Monday, Jul. 12, 1954

The Wine Drinkers

A prosperous French couple brought their seven-year-old son Pierre to the Paris office of plump, greying Child Psychiatrist Suzanne Serin, 56. Pierre, they told Dr. Serin, was a bright, healthy boy, but he often flew into inexplicable rages. Pierre himself told Dr. Serin that he often had strange visions: "Wings, not hands, white things which dance on the bureau . . . It is awful." Despite 26 years of practice, Dr. Serin was scarcely able to believe her own diagnosis: acute alcoholism.

She questioned Pierre's parents, learned that the boy drank a liter (1.0567 qts.) of wine each day, and at night often got port "because he was a little nervous." Alarmed by Pierre's case, Psychiatrist Serin alerted Paris' clinics, soon uncovered three more cases of child alcoholism:

P:Lucien, 5, a sickly, insomniac youngster, was so unstable that he could not be left alone. The son of wealthy parents, he drank nothing but undiluted wine, in accordance with his father's decree: "Water propagates infantile paralysis."

P:Yvonne, 3, another wine drinker, refused to get into her bed because it was "full of toads and big fish."

P:Maurice, 12, suffered from a stammer and tic. After drinking nothing but wine and an occasional aperitif since infancy, he was retarded, with hands that shook like the paws of a Skid Row bum.

Certain that Lucien, Yvonne and Maurice were only three of a host of alcoholic French children, Psychiatrist Serin persuaded the Ministry of Public Health to investigate in other areas of France. The results were shocking.

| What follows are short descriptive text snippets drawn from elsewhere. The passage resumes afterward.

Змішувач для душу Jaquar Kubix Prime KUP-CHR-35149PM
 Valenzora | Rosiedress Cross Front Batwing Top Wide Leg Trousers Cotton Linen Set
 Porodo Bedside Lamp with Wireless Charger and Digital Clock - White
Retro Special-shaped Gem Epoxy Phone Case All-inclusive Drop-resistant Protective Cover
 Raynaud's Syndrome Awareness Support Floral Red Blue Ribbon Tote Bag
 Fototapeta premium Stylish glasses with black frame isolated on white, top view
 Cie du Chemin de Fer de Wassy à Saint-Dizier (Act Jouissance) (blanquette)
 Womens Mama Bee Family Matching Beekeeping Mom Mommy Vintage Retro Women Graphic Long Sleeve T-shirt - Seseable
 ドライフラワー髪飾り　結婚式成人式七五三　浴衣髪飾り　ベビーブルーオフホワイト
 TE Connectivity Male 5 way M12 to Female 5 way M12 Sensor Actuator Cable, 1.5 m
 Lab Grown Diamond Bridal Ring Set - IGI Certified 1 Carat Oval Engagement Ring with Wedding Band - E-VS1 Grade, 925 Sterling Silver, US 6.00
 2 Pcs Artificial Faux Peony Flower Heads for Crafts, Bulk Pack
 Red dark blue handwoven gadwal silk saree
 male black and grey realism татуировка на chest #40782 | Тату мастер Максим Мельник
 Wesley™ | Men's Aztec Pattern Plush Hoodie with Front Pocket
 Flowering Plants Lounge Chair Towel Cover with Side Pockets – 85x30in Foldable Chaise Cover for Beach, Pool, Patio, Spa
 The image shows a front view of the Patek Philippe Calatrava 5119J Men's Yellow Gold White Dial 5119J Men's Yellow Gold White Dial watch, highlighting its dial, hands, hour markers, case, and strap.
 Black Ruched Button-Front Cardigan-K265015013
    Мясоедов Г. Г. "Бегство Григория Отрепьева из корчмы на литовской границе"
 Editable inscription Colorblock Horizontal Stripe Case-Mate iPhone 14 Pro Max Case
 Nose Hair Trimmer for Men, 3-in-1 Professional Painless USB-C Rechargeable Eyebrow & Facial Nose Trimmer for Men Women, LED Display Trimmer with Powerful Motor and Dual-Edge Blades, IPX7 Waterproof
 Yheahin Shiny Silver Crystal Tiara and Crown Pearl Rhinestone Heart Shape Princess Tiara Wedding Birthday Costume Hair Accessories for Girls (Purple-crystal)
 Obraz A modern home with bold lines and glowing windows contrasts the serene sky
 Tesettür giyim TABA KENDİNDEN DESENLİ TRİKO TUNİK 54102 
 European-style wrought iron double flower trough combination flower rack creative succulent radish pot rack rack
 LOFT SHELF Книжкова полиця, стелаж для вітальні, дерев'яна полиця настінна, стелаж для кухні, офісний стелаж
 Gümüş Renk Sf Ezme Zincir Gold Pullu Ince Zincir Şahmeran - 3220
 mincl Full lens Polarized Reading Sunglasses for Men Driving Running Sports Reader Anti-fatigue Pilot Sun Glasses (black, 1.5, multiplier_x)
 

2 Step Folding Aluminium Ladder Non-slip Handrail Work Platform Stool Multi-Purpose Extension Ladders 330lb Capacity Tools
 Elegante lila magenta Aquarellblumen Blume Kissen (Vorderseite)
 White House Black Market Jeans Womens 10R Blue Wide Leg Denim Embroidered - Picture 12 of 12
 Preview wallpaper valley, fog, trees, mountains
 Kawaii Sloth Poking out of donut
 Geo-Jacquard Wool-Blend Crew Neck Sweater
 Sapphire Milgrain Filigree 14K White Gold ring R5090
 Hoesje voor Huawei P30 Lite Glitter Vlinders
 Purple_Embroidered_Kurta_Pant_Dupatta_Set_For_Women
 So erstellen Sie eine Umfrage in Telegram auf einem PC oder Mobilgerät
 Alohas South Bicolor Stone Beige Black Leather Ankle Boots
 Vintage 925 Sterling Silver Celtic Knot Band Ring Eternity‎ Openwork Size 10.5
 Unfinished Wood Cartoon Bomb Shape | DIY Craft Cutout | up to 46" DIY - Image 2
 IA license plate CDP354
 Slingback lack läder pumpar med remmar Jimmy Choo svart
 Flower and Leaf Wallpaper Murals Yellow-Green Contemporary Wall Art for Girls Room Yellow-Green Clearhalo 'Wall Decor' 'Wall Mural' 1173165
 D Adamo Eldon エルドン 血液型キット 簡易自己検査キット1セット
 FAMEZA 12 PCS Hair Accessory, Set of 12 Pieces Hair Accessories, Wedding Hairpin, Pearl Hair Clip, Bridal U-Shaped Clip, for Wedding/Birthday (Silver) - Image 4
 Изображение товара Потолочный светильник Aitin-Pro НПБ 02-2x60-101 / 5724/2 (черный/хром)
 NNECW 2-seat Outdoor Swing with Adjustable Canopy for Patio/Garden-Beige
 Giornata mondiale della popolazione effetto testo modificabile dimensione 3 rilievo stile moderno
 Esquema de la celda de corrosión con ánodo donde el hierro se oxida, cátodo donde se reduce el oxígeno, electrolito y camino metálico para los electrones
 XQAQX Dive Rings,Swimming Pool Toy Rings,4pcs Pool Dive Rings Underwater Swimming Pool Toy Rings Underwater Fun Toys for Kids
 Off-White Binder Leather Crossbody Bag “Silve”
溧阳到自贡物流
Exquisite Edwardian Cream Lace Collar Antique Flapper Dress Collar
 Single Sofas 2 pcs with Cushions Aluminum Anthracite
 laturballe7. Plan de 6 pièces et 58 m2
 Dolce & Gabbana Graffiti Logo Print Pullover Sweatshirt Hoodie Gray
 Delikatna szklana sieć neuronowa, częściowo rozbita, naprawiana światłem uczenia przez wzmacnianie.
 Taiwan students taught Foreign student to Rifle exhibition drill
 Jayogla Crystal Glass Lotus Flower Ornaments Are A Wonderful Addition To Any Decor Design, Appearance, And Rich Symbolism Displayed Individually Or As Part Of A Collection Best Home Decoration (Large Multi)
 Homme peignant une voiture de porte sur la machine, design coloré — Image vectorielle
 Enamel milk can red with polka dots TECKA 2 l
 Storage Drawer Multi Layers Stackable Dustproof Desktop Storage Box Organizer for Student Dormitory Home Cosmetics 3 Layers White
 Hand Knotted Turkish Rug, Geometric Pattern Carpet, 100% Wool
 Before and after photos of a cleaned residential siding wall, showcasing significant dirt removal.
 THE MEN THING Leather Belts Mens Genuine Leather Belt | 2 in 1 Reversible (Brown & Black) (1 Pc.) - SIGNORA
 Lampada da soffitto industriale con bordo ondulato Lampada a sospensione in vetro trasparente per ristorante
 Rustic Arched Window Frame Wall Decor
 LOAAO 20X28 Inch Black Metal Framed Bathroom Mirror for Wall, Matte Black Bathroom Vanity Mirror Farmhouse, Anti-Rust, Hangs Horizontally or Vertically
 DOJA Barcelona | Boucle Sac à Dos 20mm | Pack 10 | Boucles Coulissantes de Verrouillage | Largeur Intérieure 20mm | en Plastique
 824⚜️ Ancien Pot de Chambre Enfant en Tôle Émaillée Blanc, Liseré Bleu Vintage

In Normandy, the checkup showed, children from 18 months up drink the local Calvados (homemade applejack) at meals and between meals. In the Vendee, schoolchildren pack a bottle of wine in their lunch baskets; if school is far from home, they take an extra bottle to fortify them for the long trip back. In La Roche-sur-Yon, a three-year-old boy was admitted to a clinic after his family had tried to cure him of worms with dosages of Pernod. In a town near by, a 19-month-old infant died of acute alcoholism.

Throughout France's wine areas, many children take a swig every time the jug is passed. In the Vendee, a local health officer asked a farmer's wife why her two infants were flushed and screaming. Explained the mother placidly: "Last night was the Communion supper. They drank one more Triple Sec than usual."

In Paris last week, Dr. Serin reported the findings to the Academy of Medicine. Its staid members listened with dismay, promptly began to lay plans for a big anti-alcoholism campaign in French schools. It will be a difficult and a delicate job, for, as any French peasant will confidently insist, a little wine never hurt anybody.